You want to escape only < and &, as &lt; and &amp; respectively, and wrap in <pre>.  This should only increase the size of the output slightly, unless you have an extremely large number of < or &.

(What does "it takes ages" mean?)

> output = '<xmp>'+output+'</xmp>'; // works perfectly

Only until your output happens to contain the string "</xmp>" (or any equivalent).  Then it will break.  If your application accepts untrusted input, moreover, you've created a very easily exploitable XSS vulnerability.

> It's been pointed out that there are ways to hack the same effect by
> combining a bunch of other tags, but is that really what we want in HTML5?

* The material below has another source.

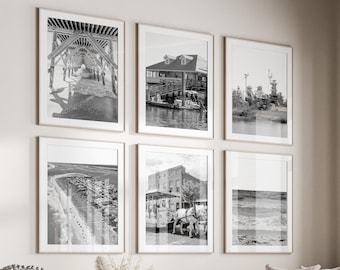 May include: A living room interior with a white sectional sofa, a white coffee table, and a white ottoman. The walls are white and there are six black and white framed photographs on the wall. The photographs are of various scenes, including a pier, a building, and a beach.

Yes, this is the normal way to do things in web programming.  <xmp> doesn't really help much, because as soon as "</xmp>" occurs your solution breaks and you have to fall back to <pre> and escaping anyway.  <xmp> is mostly only useful for hand-authoring.

Comment 21 Carl Smith 2013-10-13 13:02:56 UTC

(In reply to Aryeh Gregor from comment #20)
> (In reply to Carl Smith from comment #17)
> > The output must be converted to HTML, which involves preserving all
> > whitespace, including tabs (think `ls -la`).
> > 
> > Converting every space to &nbsp; and every new line to <br> and then
> > converting tabs into HTML tables, doesn't actually cover all the edge cases,
> > and it takes ages, and roughly doubles the size of the output.
> 
> You want to escape only < and &, as &lt; and &amp; respectively, and wrap in
> <pre>.  This should only increase the size of the output slightly, unless
> you have an extremely large number of < or &.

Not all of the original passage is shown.